> _Exercise_: Leave out the pictures and reproduce all of the data exactly.

> _Provided material_:
********************

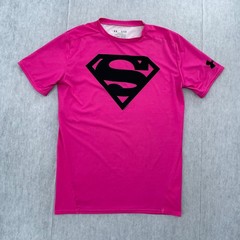 Under Armour Superman Compression Shirt Adult XL Pink Alter Ego Logo Tee Gym Men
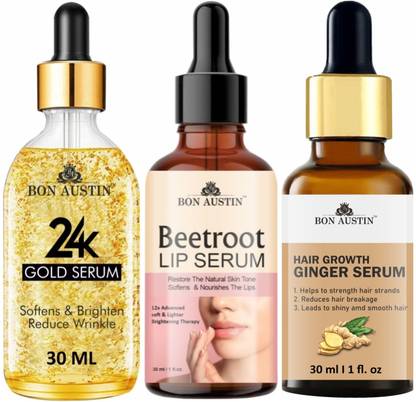 Bon Austin 24K Gold Face Serum & Beetroot Lip Serum & Hair Growth Serum (Each,30ml) Combo Pack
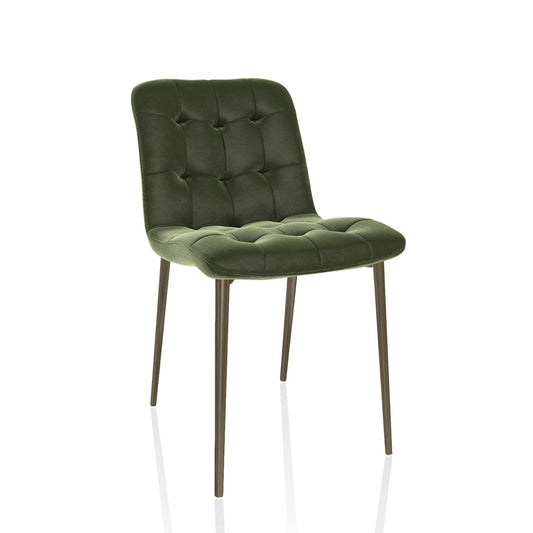 Kuga Chair Supreme Velvet By Bontempi Casa - Moss + Aged Brass Frame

********************

> _Written response_:
 Under Armour Superman Compression Shirt Adult XL Pink Alter Ego Logo Tee Gym Men
 Bon Austin 24K Gold Face Serum & Beetroot Lip Serum & Hair Growth Serum (Each,30ml) Combo Pack
 Kuga Chair Supreme Velvet By Bontempi Casa - Moss + Aged Brass Frame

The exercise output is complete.